Behçet Necatigil Şiir Ödülü jürisinin, başka jürilerden farklı bir özelliği vardır. Bütün üyeler Hoca'nın dostlarıdır. Adalet Ağaoğlu, Fethi Naci, Tahsin Yücel, Hilmi Yavuz, Cevat Çapan, Füsun Akatlı ve ben. Aileyle birlikte bir şiir şölenine dönüşür bu toplantılar. Herkes Hoca'dan ezbere şiirler okur, onun ince şakaları taklit edilerek anlatılır. Ödülün bir geleneği vardır. Ödülü kazanan belli olunca, sıcağı sıcağına şair çağrılır, yemeğe o da şiirleriyle katılır.  Öyle oldu gene. Hakan Savlı, telefonda müjdeyi aldı ve ta Acıbadem'den kalkıp geldi. 

Gecenin esprisi Tahsin Yücel'den. Gazi Erçel, Türk parasını dolara çevirme durumu konusunda açıklama yaparken, "Bir rastlantı" demiş. Tahsin Yücel diyor ki: "Düşünsenize adam Türkçe konuşuyor, tesadüf yerine rastlantı, diyor." En azından bir kelimeyle Tahsin Yücel'in önünde aklandı Gazi Erçel. 

Hakan Savlı'nın şiirini bir usta şair, Ülkü Tamer tek cümlede özetlemiş: "Oturmuş, kendi sesini bulmuş, yalınlığa ulaşmış bir şair Savlı." Karaoke şiirinden birkaç dizeyi buraya aktarırsam, şiir sevenler onun yazdıkları üzerine ilk bilgiyi edinmiş alacaklardır: "Aklımda eski bir İskenderun akşamı, yalnız ben miyim anımsayan / Denize doğru inerdik / Deli Nuri, Sulu ve ben -Sulu'nun hep burnu akar-, / dalgacıklar mağaralara doğru sokulurdu, devrim şarkıları / söylediğimiz yaşlı mağaralara. / Kalbimizden geçerdi portakal renkli bir jaguar / Kızlar okula gelirdi bileklerinde / ipe dizili portakal çiçekleri, sonyazın / ılık çöpçüleri kimdi?"

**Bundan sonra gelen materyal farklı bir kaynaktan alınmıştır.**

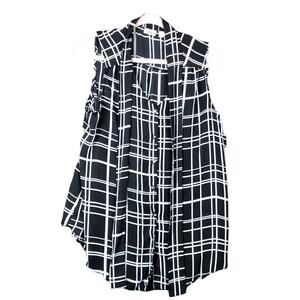 Cato Womens Blouse Black White Striped Front Tie Neck Sleeveless Workwear Large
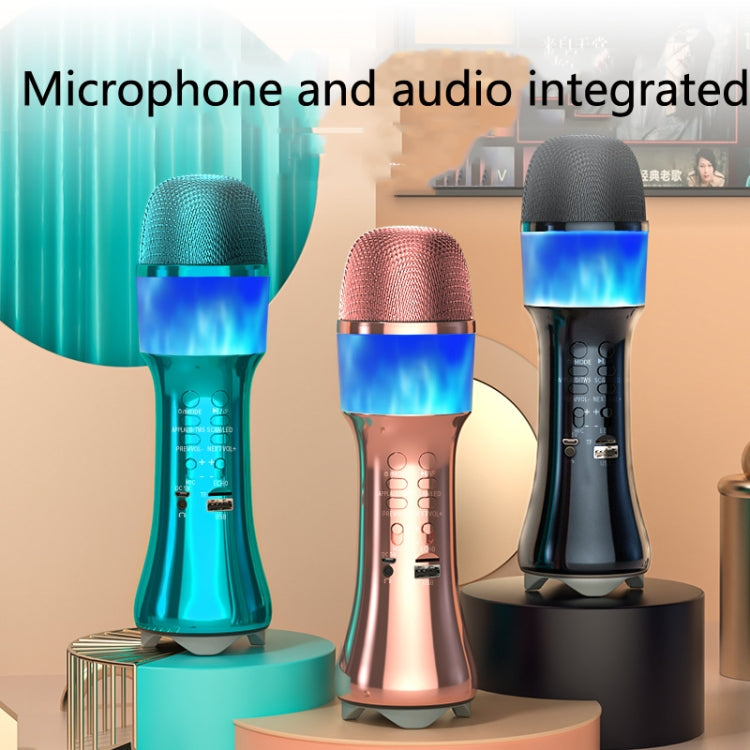 Q99 Bluetooth Microphone Wireless Silencing Applause Changing Tone Blue Light Microphone Audio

Hoca'nın ödül gecesi yazısını "Sevgilerde"den dört dize ile noktaladım: "Sevgileri yarınlara bıraktınız / Çekingen, tutuk, saygılı. / Bütün yakınlarınız / Sizi yanlış tanıdı."

Hürriyet, 13.04.2001

Şair ve Ödül

TURGAY FİŞEKÇİ

Bu yılki Behçet Necatigil Şiir Ödülü'nü ''Go Dersleri'' adlı son kitabıyla genç kuşak şairler arasında önemli bir yeri olan Hakan Savlı (d. 1965) kazandı.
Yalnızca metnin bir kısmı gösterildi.